With China’s economy in a swoon, Biden sends a second Cabinet member to Beijing to soothe relations

(Originally published July 4 in “What in the World“) U.S. Treasury Secretary Janet Yellen, in defiance of the State Dept.’s latest warnings against travel to China, heads to China on Thursday for a long weekend that’s being advertised as a diplomatic mission to salvage relations between the world’s two largest economies.

China has begun retaliating against Washington’s efforts to block exports of sensitive semiconductor technology to China, as well as to shift corporate supply chains to friendlier countries, or “friendshoring.” Last month, Beijing banned chips from U.S. company Micron Technology from use in any equipment handling “sensitive” information. On Monday, Beijing said it would restrict exports of two metals used in making chips—gallium and germanium.

Yellen has publicly decried the friendshoring trend, noting that decoupling the two economies would damage both, even though the Biden Administration has kept Trump-era tariffs against China in place. That the White House has been sending such high-level peace feelers—first Blinken, now Yellen—to Beijing, however, is a step in the right direction and a signal of just how bad things must look. Even Republican hawks are keeping remarkably quiet despite Biden giving them ample latitude to carp that his Cabinet is kowtowing to Beijing.
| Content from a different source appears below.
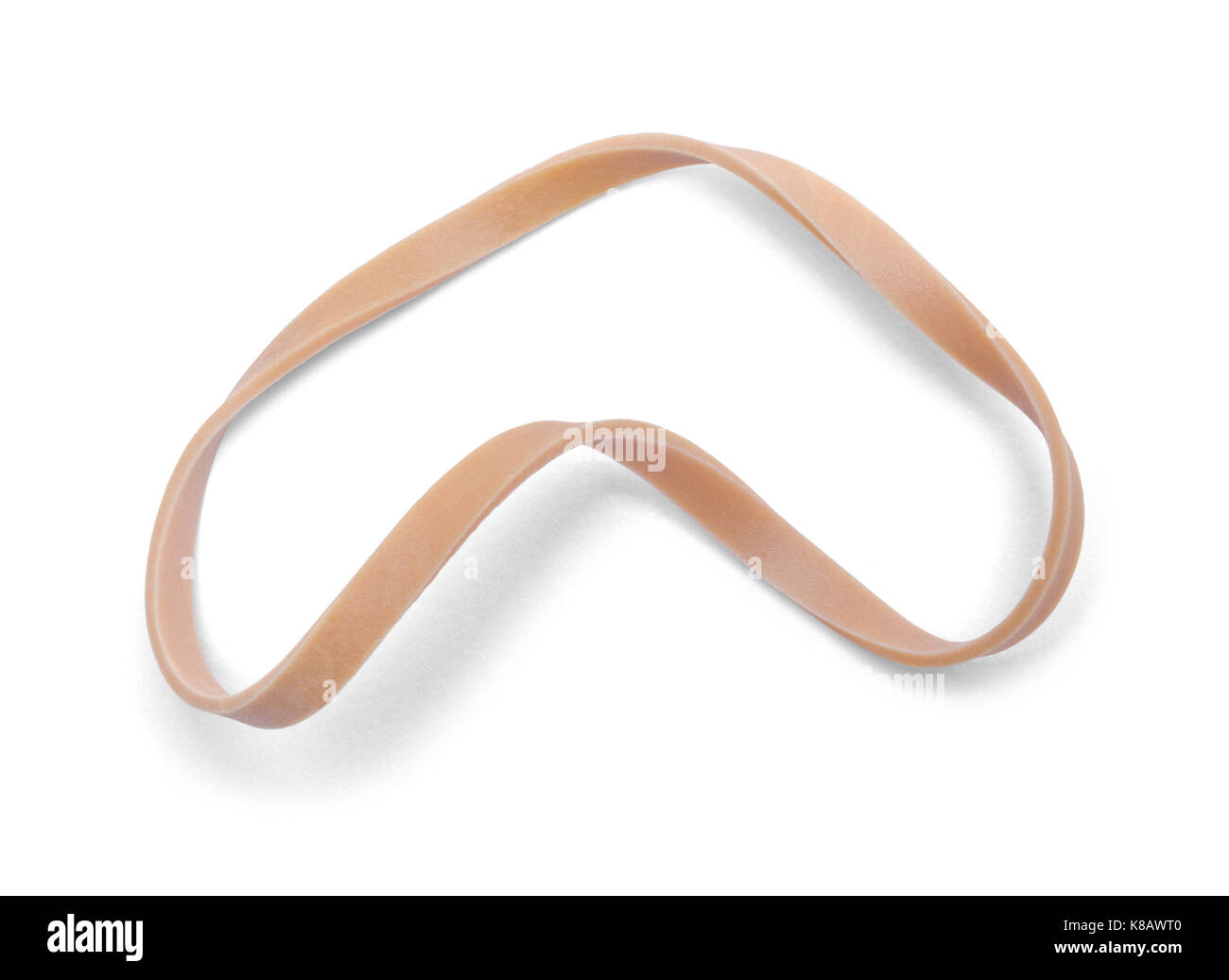 La bande caoutchouc torsadé marron isolé sur fond blanc. Banque D'Images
With China’s economy looking increasingly precarious, however, Yellen’s real agenda may more likely be to hear what officials in Beijing are doing to keep China from slipping into either a Lehman-style financial crisis or, the more likely scenario, into a Japan-style economic coma that lasts for decades. Yellen’s chief concern will be that China doesn’t devalue the yuan in a last-ditch effort to boost export income.

Devaluing the yuan would potentially send China’s diplomatically sensitive trade surplus soaring. It could also complicate efforts by the U.S. Federal Reserve to normalize interest rates: lowering the price of Chinese imports would artificially lower inflationary pressures in the U.S., potentially prompting the Fed to halt interest-rate hikes too early, only to see inflation rebound once China let its currency recover.

But Beijing may be grasping for straws. In the latest sign of weakening growth, the official manufacturing purchasing managers’ index, or PMI, signaled a contraction in factory activity for the third straight month. The PMI for May was 49, slightly better than April’s 48.8 reading. But any number below 50 represents that things are slowing down. And China’s slowdown is radiating across Asia and the globe.